For the LiveView, we’ve updated the system to generate a parent_span_id and to handle the new :job_warning and :job_failed messages from the PubSub. This helps track the origin of jobs and manage the life cycle of job execution, including error handling and retries.

defmodule GameAppWeb.LongJobLive.Index do
  use GameAppWeb, :live_view
  alias GameApp.Workers.LongJobWorker
  alias Phoenix.PubSub
  import Ecto.UUID, only: [generate: 0]

  @impl true
  def mount(_params, _session, socket) do
    PubSub.subscribe(GameApp.PubSub, LongJobWorker.topic())

    new_socket =
      socket
      |> assign(:job_results, [])
      |> assign(:job_number, 0)
      |> assign(:parent_span_id, generate())

    {:ok, new_socket}
  end

  @impl true
  def handle_event("trigger_job", _params, socket) do
    job_number = socket.assigns.job_number + 1
    parent_span_id = socket.assigns.parent_span_id

    job_name = "Job #{job_number}"

    LongJobWorker.new(%{
      name: job_name,
      parent_span_id: parent_span_id
    })
    |> Oban.insert()
    |> case do
      {:ok, _job} ->
        new_socket =
          socket
          |> assign(:job_number, job_number)

        {:noreply, new_socket}

      {:error, _reason} ->
        new_socket =
          socket
          |> put_flash(:error, "Failed to trigger #{job_name}.")

        {:noreply, new_socket}
    end
  end

  @impl true
  def handle_info({:job_started, message}, socket) do
    new_socket =
      socket
      |> put_flash(:info, message)

    {:noreply, new_socket}
  end

  @impl true
  def handle_info({:job_completed, message}, socket) do
    new_socket =
      socket
      |> update(:job_results, fn results ->
        results ++ [message]
      end)
      |> put_flash(:info, message)

    {:noreply, new_socket}
  end

  @impl true
  def handle_info({:job_warning, message}, socket) do
    new_socket =
      socket
      |> update(:job_results, fn results ->
        results ++ [message]
      end)

    {:noreply, new_socket}
  end

  @impl true
  def handle_info({:job_failed, message}, socket) do
    new_socket =
      socket
      |> update(:job_results, fn results ->
        results ++ [message]
      end)
      |> put_flash(:error, message)

    {:noreply, new_socket}
  end
end

Viewing Logs

This project utilizes a local instance of Loki and Grafana for comprehensive log management and visualization. For detailed instructions on setting up these services, please refer to this previous blog post.

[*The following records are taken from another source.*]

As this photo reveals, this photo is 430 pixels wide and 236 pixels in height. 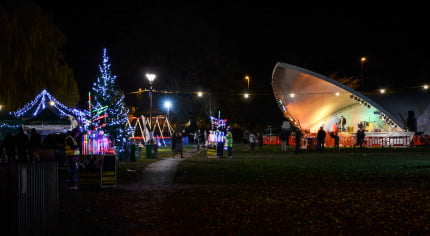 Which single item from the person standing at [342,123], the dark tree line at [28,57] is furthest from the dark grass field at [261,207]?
the person standing at [342,123]

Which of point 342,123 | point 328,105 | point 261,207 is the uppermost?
point 328,105

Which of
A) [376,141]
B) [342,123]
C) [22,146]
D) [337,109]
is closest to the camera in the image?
[22,146]

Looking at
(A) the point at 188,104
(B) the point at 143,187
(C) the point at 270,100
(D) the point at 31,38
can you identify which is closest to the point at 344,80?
(C) the point at 270,100

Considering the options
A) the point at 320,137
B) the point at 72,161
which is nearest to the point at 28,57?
the point at 320,137

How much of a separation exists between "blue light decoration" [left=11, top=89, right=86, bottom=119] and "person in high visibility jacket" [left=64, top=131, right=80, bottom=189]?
2260cm

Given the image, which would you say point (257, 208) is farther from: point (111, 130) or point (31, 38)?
point (31, 38)

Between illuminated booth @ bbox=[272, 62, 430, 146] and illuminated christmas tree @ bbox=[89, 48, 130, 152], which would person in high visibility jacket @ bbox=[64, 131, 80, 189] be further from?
illuminated booth @ bbox=[272, 62, 430, 146]

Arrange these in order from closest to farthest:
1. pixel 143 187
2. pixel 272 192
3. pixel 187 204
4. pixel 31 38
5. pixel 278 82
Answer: pixel 187 204 → pixel 272 192 → pixel 143 187 → pixel 31 38 → pixel 278 82

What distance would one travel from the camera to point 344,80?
238 feet

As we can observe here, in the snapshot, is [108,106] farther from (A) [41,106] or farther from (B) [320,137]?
(B) [320,137]

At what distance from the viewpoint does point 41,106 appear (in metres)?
38.0

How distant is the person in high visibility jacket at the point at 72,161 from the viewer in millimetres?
15377

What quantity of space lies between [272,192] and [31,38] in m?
33.3

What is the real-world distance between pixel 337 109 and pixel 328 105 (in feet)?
5.32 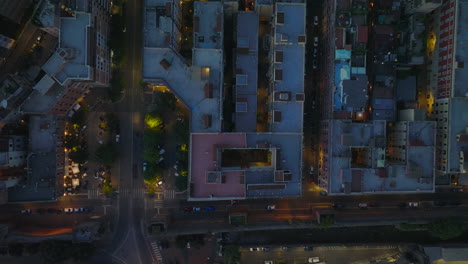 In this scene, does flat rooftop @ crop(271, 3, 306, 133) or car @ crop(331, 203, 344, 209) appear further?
car @ crop(331, 203, 344, 209)

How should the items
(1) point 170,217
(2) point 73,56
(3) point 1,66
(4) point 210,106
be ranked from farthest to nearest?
(1) point 170,217 → (3) point 1,66 → (4) point 210,106 → (2) point 73,56

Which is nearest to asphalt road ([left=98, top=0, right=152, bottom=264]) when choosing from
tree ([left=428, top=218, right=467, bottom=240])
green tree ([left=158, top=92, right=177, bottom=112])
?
green tree ([left=158, top=92, right=177, bottom=112])

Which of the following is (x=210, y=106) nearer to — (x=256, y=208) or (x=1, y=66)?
(x=256, y=208)

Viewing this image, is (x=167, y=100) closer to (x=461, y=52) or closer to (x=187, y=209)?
(x=187, y=209)

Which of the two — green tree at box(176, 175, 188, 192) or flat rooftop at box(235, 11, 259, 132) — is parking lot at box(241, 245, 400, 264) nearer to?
green tree at box(176, 175, 188, 192)

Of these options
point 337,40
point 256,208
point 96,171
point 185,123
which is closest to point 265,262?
point 256,208

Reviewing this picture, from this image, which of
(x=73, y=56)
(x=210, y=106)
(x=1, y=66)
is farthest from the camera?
(x=1, y=66)

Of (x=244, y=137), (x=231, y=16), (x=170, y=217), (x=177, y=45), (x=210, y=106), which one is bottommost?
(x=170, y=217)

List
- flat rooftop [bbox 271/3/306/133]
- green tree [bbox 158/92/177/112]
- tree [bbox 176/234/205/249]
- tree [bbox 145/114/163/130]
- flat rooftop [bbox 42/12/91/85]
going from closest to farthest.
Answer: flat rooftop [bbox 42/12/91/85] < flat rooftop [bbox 271/3/306/133] < tree [bbox 145/114/163/130] < green tree [bbox 158/92/177/112] < tree [bbox 176/234/205/249] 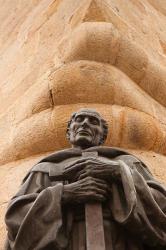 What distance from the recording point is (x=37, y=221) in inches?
83.9

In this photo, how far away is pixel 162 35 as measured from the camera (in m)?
5.16

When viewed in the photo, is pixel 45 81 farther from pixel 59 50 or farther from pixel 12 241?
pixel 12 241

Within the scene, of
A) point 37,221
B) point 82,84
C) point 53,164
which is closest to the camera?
point 37,221

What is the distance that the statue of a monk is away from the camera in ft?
6.98

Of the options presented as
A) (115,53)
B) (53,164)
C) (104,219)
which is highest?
(115,53)

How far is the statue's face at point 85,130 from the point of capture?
277 cm

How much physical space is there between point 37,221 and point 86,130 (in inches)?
30.3

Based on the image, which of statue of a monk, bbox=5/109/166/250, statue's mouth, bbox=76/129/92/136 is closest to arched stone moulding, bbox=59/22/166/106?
statue's mouth, bbox=76/129/92/136

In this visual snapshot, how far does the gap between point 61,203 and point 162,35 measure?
10.6 feet

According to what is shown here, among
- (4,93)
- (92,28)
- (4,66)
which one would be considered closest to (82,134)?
(92,28)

Running the Application Locally

To start the application, execute the following commands:

make up
make setup.dev
make serve.dev

After initiating a few jobs at http://127.0.0.1:4080/long-job, visit the locally running instance of Grafana at http://localhost:3000. Log in using the username admin with the password admin, as was set up in docker-compose. Once logged in, select the local Loki data source at http://loki:3100 to start exploring the logs.

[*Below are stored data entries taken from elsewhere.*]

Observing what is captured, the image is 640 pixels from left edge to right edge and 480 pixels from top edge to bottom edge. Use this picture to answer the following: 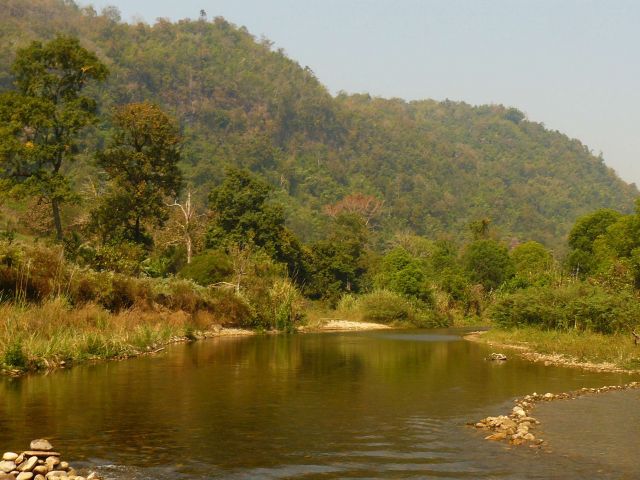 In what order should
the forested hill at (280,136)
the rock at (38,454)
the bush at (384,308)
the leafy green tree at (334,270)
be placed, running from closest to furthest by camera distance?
1. the rock at (38,454)
2. the bush at (384,308)
3. the leafy green tree at (334,270)
4. the forested hill at (280,136)

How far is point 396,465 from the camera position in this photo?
1306 centimetres

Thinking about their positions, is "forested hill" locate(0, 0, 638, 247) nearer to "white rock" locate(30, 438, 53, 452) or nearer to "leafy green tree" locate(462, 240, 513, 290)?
"leafy green tree" locate(462, 240, 513, 290)

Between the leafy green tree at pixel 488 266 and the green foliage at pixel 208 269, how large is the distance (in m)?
44.7

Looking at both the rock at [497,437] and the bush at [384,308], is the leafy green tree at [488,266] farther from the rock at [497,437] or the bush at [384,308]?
the rock at [497,437]

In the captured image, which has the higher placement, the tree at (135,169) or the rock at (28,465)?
the tree at (135,169)

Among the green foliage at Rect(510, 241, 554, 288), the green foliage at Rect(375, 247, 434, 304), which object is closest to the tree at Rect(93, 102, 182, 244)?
Result: the green foliage at Rect(375, 247, 434, 304)

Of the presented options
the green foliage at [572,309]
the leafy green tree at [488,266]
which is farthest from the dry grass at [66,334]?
the leafy green tree at [488,266]

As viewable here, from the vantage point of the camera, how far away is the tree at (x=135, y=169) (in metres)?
59.4

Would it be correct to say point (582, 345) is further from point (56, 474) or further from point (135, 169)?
point (135, 169)

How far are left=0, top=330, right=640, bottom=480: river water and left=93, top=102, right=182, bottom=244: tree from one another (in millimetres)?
32447

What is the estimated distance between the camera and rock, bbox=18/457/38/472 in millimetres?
11516

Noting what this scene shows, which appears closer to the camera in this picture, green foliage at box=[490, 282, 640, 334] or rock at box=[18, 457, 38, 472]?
rock at box=[18, 457, 38, 472]

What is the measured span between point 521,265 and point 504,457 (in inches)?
3666

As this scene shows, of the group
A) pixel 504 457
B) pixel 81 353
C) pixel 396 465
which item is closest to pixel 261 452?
pixel 396 465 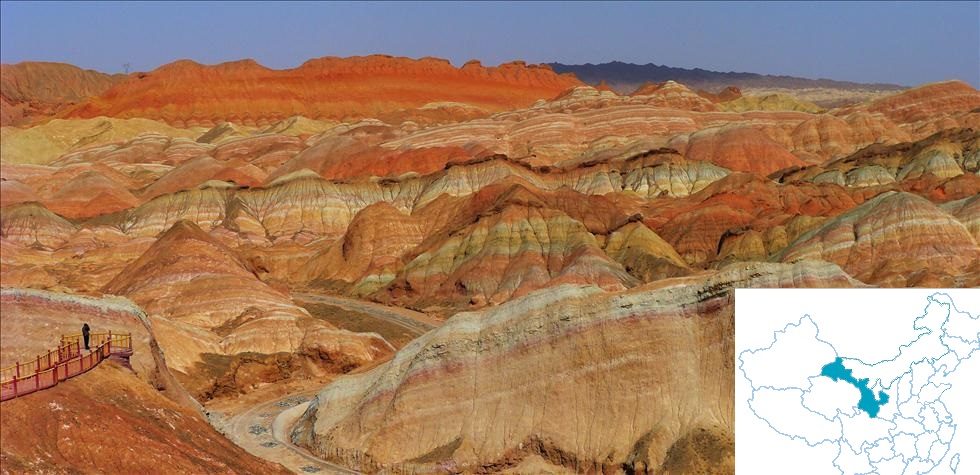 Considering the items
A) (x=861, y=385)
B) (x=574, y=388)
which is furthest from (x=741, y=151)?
(x=861, y=385)

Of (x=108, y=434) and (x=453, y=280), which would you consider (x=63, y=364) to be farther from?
(x=453, y=280)

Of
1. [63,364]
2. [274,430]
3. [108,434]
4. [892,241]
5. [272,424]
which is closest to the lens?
[108,434]

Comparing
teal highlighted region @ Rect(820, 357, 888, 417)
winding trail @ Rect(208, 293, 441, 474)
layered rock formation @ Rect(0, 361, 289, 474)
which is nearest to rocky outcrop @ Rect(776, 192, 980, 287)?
winding trail @ Rect(208, 293, 441, 474)

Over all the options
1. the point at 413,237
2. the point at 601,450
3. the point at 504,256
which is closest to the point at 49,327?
the point at 601,450

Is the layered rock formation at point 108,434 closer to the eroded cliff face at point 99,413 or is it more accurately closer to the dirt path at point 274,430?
the eroded cliff face at point 99,413

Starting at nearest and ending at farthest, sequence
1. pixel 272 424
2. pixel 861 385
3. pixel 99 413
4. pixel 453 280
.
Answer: pixel 861 385 → pixel 99 413 → pixel 272 424 → pixel 453 280

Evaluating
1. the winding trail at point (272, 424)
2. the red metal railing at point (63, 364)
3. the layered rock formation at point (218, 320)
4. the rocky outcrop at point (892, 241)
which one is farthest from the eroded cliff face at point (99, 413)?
the rocky outcrop at point (892, 241)

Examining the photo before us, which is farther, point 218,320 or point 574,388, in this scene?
point 218,320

Analyzing Logs with Loki’s Query Language (LogQL)

Loki utilizes a query language called LogQL. Below are some examples.

  • Count Completed Jobs:

    sum(count_over_time({job="game_app"} | logfmt | worker="GameApp.Workers.LongJobWorker" | status="completed" [5m]))
    

    This tallies the number of jobs marked as “completed” grouped in 5-minute intervals.

  • Count Retries:

    sum(count_over_time({job="game_app"} | logfmt | worker="GameApp.Workers.LongJobWorker" | status="retrying" [5m]))
    

    This is the same, but for retries.

  • Count Failures:

    sum(count_over_time({job="game_app"} | logfmt | worker="GameApp.Workers.LongJobWorker" | status="failed" [5m]))
    

    And this counts the number of jobs that have failed, also in 5-minute increments.

Grafana Dashboards

Grafana dashboards begin with a query from the data source, but they include data transformations to generate more complex views. For example, the duration can be calculated by taking the difference between start_time and end_time. Alternatively, rather than looking at the duration for each job attempt, you can group data by trace_id to calculate the duration of a job across multiple retry attempts.